Adding to the ease–or complexity, depending on how you look at it–of a potential mobile hack, downloads from app stores can also be vectors. For instance, in July, Google Play Marketplace had to delete several apps from its app store because of issues with spyware. And, in Motherboard today, Lorenzo Franceschi-Bicchierai warns about the danger of deceptive popups that are designed to look like the window you see at Apple’s app store, which asks for your Apple ID password. Turns out, creating imposter popups is relatively easy.

When mobile devices are compromised, especially those used for work, there’s a lot at risk. Hackers have an open door to steal personal information, passwords, business and personal email, corporate documents and intellectual property. And, they’re able to infiltrate company networks and applications. When you work for the government, that becomes a much larger concern.

Late last month, Politico reported on the risk associated with White House staff using personal devices for official purposes, saying, “NSA briefers told the Trump aides that using their personal devices for work, including passing files and emails from one system to the other, could give cyberspies access to their work computers and email, too.” Now fast-forward to last week’s report about White House Chief of Staff John Kelly, hanging onto a compromised phone for months. As Lily Hay Newman wrote in Wired, “Any attacker with awareness about their target—and deep pockets—could have used more sophisticated exploits to burrow deep into the device and start reconnaissance and data-gathering, even potentially masquerading as Kelly on his accounts, or taking them over to mislead his associates.”

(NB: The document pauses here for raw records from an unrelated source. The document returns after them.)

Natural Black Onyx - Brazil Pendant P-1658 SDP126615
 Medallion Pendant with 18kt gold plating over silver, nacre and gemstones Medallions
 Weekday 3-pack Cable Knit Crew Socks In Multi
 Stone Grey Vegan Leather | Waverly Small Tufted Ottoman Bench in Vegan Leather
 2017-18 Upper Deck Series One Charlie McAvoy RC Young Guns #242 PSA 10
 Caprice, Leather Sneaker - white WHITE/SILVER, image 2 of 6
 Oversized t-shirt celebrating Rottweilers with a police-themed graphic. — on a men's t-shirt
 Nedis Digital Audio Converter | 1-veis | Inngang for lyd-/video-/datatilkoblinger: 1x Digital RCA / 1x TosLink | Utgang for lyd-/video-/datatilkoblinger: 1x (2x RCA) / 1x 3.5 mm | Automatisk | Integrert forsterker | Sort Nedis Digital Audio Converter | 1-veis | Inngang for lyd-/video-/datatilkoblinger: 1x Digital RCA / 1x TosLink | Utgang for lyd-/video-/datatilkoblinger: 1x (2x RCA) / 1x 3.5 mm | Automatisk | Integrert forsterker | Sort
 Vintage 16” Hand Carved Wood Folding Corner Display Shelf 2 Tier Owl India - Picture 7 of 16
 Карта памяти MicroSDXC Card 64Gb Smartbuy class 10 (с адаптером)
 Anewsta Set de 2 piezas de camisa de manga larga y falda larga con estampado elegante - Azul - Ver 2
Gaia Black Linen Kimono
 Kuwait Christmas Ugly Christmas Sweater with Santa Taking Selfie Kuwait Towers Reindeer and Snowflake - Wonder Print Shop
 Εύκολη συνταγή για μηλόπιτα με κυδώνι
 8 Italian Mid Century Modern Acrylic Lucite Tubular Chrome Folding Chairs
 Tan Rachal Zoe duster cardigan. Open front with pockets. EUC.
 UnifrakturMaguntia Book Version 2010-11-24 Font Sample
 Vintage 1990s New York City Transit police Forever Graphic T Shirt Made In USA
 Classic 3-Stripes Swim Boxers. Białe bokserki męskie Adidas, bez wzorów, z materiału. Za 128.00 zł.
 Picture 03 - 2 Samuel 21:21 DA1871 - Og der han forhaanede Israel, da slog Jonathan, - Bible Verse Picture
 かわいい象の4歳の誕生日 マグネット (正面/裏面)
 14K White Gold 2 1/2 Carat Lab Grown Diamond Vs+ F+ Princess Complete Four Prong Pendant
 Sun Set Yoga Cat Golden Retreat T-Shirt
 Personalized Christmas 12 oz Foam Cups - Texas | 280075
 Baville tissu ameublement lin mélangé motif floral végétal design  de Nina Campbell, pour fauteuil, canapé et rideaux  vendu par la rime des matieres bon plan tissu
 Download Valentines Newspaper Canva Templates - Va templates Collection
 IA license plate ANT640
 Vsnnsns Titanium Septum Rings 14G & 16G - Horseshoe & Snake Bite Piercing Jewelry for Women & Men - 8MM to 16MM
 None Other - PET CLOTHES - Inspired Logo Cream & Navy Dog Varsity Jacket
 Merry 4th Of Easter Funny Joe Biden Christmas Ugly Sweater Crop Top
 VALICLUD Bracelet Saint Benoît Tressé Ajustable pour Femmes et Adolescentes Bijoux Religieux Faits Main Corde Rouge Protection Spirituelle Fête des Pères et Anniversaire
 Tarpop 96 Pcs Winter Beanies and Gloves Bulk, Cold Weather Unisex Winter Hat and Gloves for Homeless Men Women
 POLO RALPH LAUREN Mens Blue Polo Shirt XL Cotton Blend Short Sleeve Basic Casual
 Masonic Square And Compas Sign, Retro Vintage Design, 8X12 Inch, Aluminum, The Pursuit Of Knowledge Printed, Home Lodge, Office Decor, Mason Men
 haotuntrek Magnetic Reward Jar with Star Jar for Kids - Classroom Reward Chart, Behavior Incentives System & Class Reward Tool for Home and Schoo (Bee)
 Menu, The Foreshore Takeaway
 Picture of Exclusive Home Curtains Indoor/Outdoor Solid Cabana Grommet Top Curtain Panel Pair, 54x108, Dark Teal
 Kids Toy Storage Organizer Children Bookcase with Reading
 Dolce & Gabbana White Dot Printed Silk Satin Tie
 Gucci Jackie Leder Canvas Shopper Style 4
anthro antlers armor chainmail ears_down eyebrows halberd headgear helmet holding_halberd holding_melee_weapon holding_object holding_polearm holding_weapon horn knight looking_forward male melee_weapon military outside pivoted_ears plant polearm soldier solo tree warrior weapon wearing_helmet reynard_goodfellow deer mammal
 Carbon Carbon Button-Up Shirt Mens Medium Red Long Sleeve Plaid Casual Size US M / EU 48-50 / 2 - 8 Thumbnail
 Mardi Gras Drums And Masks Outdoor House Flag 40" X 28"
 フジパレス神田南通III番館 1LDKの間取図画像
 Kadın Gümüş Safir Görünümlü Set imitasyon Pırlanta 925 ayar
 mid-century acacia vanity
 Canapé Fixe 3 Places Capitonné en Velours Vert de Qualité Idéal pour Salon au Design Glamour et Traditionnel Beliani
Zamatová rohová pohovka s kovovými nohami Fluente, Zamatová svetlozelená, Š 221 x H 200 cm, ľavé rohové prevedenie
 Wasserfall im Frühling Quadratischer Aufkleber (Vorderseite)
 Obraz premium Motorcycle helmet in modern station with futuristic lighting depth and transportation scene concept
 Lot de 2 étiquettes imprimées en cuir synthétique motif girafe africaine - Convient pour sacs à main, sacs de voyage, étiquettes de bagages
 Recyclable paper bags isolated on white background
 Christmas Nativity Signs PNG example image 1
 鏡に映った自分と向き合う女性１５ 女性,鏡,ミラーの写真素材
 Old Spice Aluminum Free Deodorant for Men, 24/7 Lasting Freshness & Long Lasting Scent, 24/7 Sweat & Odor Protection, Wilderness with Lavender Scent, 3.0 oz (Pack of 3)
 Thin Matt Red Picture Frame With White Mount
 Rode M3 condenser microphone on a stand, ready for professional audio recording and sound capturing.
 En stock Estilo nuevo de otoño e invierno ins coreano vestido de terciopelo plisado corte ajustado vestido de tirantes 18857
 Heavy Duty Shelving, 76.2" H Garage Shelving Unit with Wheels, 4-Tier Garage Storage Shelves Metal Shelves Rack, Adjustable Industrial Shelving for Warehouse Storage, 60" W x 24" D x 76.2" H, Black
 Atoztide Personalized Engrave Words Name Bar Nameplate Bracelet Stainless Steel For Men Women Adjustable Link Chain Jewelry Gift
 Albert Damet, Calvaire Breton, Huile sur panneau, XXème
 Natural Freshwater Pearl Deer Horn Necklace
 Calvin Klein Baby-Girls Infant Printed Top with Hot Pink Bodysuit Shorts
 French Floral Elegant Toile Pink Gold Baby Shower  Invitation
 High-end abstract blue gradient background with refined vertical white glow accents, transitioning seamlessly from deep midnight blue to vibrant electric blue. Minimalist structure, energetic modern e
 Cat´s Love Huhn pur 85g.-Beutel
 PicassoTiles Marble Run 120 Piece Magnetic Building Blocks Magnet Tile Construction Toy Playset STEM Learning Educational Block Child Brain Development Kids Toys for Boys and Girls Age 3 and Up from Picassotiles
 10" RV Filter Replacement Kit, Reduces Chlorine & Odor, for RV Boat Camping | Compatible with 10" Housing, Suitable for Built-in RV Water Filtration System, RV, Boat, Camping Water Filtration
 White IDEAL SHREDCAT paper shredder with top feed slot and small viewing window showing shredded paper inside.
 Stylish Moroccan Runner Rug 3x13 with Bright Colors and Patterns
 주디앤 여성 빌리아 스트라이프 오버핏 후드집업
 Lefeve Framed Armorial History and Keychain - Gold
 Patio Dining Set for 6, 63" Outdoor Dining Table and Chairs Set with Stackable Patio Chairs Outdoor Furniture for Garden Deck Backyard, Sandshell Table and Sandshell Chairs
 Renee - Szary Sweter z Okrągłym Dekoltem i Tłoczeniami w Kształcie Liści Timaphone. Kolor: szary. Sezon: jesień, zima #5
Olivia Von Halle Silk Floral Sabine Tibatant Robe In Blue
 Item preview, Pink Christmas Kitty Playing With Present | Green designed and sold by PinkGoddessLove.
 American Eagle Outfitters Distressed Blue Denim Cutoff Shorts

“In many respects, hacking a smartphone is the easiest way to break into an organization’s network,” said Brian Gleeson, head of product marketing for Check Point’s mobile security products. “The problem is that unsecured devices are the norm.” In fact, only 38 percent of companies deploy a mobile threat defense solution. The key, according to Gleeson, is to be able to implement security measures that are just as effective as on desktops, and to be able to dynamically change access privileges to reflect risk levels.